Let's say that at an instant $t_0$, the particle has a velocity $v_0$, and at a subsequent instant $t$, a velocity $v$.

The constant acceleration of the particle is

$a = \frac{v - v_0}{t - t_0}$

We can isolate $t - t_0$:

$a(t - t_0) = v - v_0$

$t - t_0 = \frac{v - v_0}{a}$

From Eq. (2), the change in position that occurs between $t_0$ and $t$ is

$x - x_0 = v_0(t - t_0) + \frac{1}{2} a(t - t_0)^2$

Let's replace $t - t_0$ with what we found above:

$x-x_0 = v_0 \left(\frac{v-v_0}{a}\right) + \frac{1}{2} a \left(\frac{v-v_0}{a}\right)^2$

$x-x_0 = \frac{v_0v-v_0^2}{a} + \frac{1}{2} \cancel{a} \left(\frac{v^2 - 2v_0v + v_0^2}{a^{\cancel{2}}}\right)$

$x-x_0 = \frac{v_0v-v_0^2}{a} + \frac{v^2 - 2v_0v + v_0^2}{2a}$

$x-x_0 = \frac{\cancel{2v_0v} - 2v_0^2 + v^2 - \cancel{2v_0v} + v_0^2}{2a}$

$x-x_0 = \frac{v^2 - v_0^2}{2a} \tag{3}$

When a particle moves with a constant acceleration along a straight line, the change in position between an instant $t_0$ and a subsequent instant $t$ is equal to the difference between the square of the velocities at those instants divided by twice the constant acceleration:

$x-x_0 = \frac{v^2 - v_0^2}{2a}$

Since time does not appear in this equation, it is very useful in cases where time is not specified.

What distance does a train travel as it goes from $\pu{20.0 km/h}$ to $\pu{80.0 km/h}$ with a constant acceleration of $\pu{0.550 m/s^2}$?

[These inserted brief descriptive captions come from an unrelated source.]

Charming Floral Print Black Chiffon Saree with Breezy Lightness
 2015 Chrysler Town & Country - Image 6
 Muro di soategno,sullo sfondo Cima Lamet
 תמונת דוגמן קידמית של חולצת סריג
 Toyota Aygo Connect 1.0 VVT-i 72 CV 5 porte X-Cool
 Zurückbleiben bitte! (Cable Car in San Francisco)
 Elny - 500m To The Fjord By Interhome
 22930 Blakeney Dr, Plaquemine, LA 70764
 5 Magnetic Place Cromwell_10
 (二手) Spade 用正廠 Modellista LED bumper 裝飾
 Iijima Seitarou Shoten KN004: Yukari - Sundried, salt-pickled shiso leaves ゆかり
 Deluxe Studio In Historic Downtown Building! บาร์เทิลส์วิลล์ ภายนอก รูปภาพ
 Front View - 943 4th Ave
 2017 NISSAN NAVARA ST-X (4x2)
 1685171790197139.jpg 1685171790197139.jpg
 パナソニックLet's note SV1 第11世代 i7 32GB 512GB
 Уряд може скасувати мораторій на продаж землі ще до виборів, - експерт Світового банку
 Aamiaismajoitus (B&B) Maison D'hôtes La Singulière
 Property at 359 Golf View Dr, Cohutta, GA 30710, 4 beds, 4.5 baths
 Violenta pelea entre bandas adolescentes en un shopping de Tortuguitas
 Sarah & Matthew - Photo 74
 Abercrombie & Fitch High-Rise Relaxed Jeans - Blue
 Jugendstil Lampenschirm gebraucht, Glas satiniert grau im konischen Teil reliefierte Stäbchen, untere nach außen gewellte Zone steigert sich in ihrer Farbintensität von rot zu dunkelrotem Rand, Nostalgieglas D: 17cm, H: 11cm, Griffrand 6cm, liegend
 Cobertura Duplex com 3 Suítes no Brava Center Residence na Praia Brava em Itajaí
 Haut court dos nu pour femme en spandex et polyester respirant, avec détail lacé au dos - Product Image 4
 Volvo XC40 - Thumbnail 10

At an instant $t_0$, the train has a velocity

$v_0 = \pu{20.0 km/h} = \pu{5.56 m/s}$

At a later instant $t_1$, the train reaches a velocity

$v_1 = \pu{80.0 km/h} = \pu{22.2 m/s}$

The train increments its velocity with a constant acceleration

$a = \pu{0.550 m/s^2}$

We need to find the distance traveled by the train between instant $t_0$ and instant $t_1$.

Since the train maintains a positive velocity, the distance traveled corresponds to the change in position between $t_0$ and $t_1$.

$x_1 - x_0 = \text ?$

We know the velocities and the constant acceleration, so we can use Eq. (3) to find the change in position between $t_0$ and $t_1$:

$x_1 - x_0 = \frac{v_1^2 - v_0^2}{2a}$

$x_1 - x_0 = \frac{(\pu{22.2 m/s})^2 - (\pu{5.56 m/s})^2}{2(\pu{0.550 m/s^2})}$

$x_1 - x_0 = \pu{420 m}$

Thus, as the train accelerates from $\pu{20.0 km/h}$ to $\pu{80.0 km/h}$, it travels $\pu{420 m}$.